__Records from a data source__

---------------

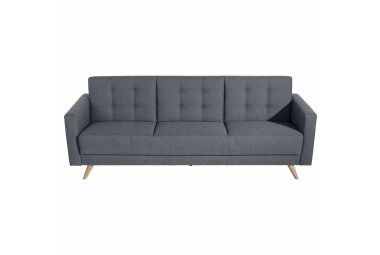 Sofa 3-Sitzer mit Bettfunktion Karisa Bezug Flachgewebe Buche natur / denim 21923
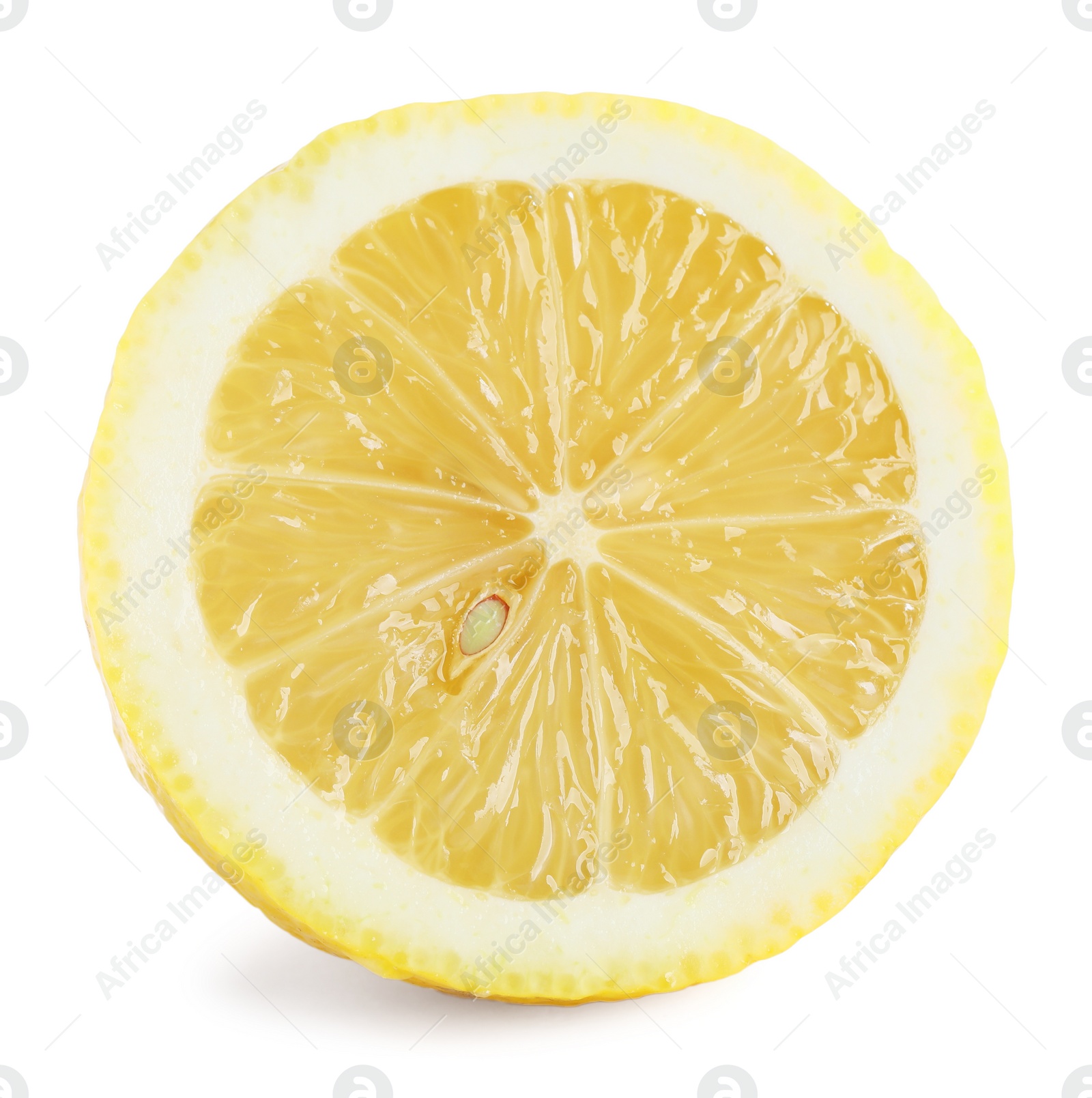 Photo of Lemon slice isolated on white. Citrus fruit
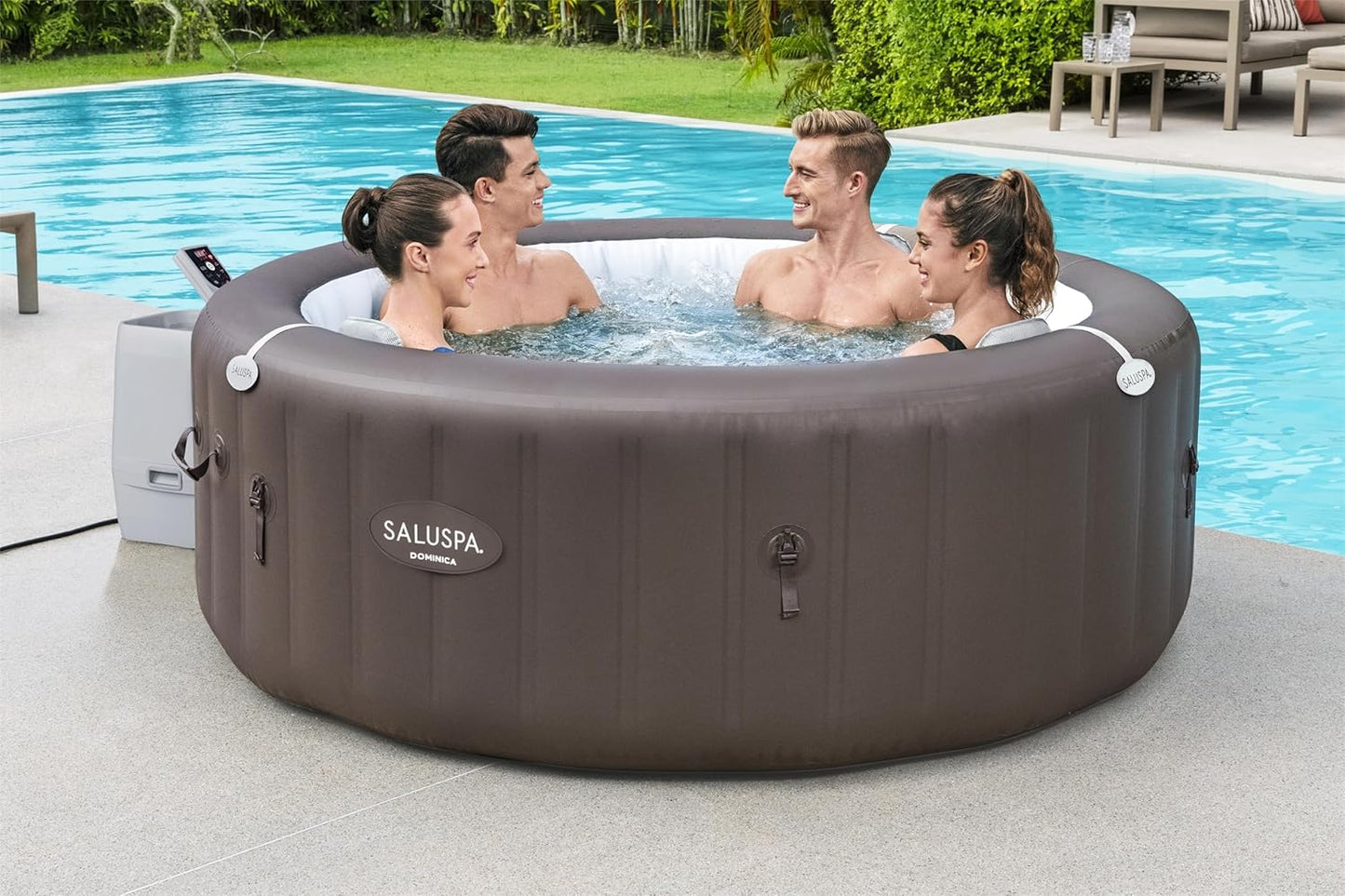 Inflatable Hot Tub Spa (71" x 26") | Portable Hot Tub with 2 Covers (1 Energy-Efficient Thermal Cover and 1 Standard Cover) | Fits Up to 2-4 Persons | Black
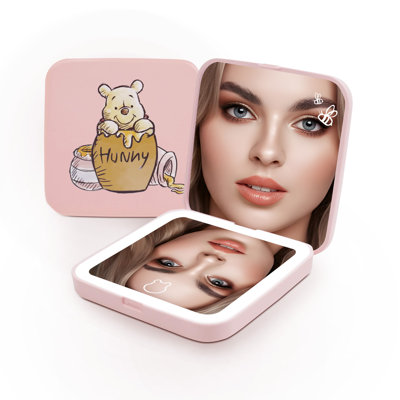Winnie the Pooh Hunny LED Compact Mirror with 2x Magnified Top Mirror, Winnie the Pooh Artwork Travel Mirror with Touch Sensor 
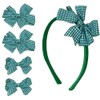 Green Gingham Set Including 4 Check Hair Bows/Clips & Hairband Ideal for Matching BTS Back to School Summer Dress's Uniform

---------------

__What you should do__
A word-for-word restatement of all the lines above is needed, with the pictures omitted.

__Solved exercise__
 Sofa 3-Sitzer mit Bettfunktion Karisa Bezug Flachgewebe Buche natur / denim 21923
 Photo of Lemon slice isolated on white. Citrus fruit
 Inflatable Hot Tub Spa (71" x 26") | Portable Hot Tub with 2 Covers (1 Energy-Efficient Thermal Cover and 1 Standard Cover) | Fits Up to 2-4 Persons | Black
Winnie the Pooh Hunny LED Compact Mirror with 2x Magnified Top Mirror, Winnie the Pooh Artwork Travel Mirror with Touch Sensor 
 Green Gingham Set Including 4 Check Hair Bows/Clips & Hairband Ideal for Matching BTS Back to School Summer Dress's Uniform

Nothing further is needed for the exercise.